I am using a fixed window of 2 minutes and then applying a GroupByKey over it. After GBK I'm using a SortValues transform which sorts the Iterable on SequenceNumber. I'm observing the wall time of the GroupByKey step to be high, as all the elements within a window are being processed on a same worker. Is there an efficient way to sort elements within a Fixed Window?
Following is my pipeline code:
PCollection<PubsubMessage> pubsubRecords = p.apply(PubsubIO.readMessagesWithAttributes()

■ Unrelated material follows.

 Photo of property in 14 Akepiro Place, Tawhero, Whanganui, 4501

.fromTopic(StaticValueProvider.of(topic)));
PCollection<KV<BigInteger, JSONObject>> window = pubsubRecords.apply("Raw to String", ParDo.of(new LogsFn()))
.apply("Window", Window
.<KV<BigInteger, JSONObject>>into(FixedWindows.of(Duration.standardMinutes(2)))
.triggering(Repeatedly
.forever(AfterProcessingTime
.pastFirstElementInPane()
.plusDelayOf(Duration.StandardMinutes(2))
)
)
.withAllowedLateness(Duration.ZERO).discardingFiredPanes()
);
PCollection<KV<String, KV<BigInteger, JSONObject>>> keyedWindow = window
.apply(WithKeys.of(new SerializableFunction<KV<BigInteger, JSONObject>,String>() {
@Override
public String apply(KV<BigInteger, JSONObject> row) {
return "key";
}
}));
PCollection<KV<String, Iterable<KV<BigInteger, JSONObject>>>> groupedWindow = keyedWindow
.apply(GroupByKey.<String, KV<BigInteger, JSONObject>>create()).apply(
SortValues.<String, BigInteger, JSONObject>create(BufferedExternalSorter.options()));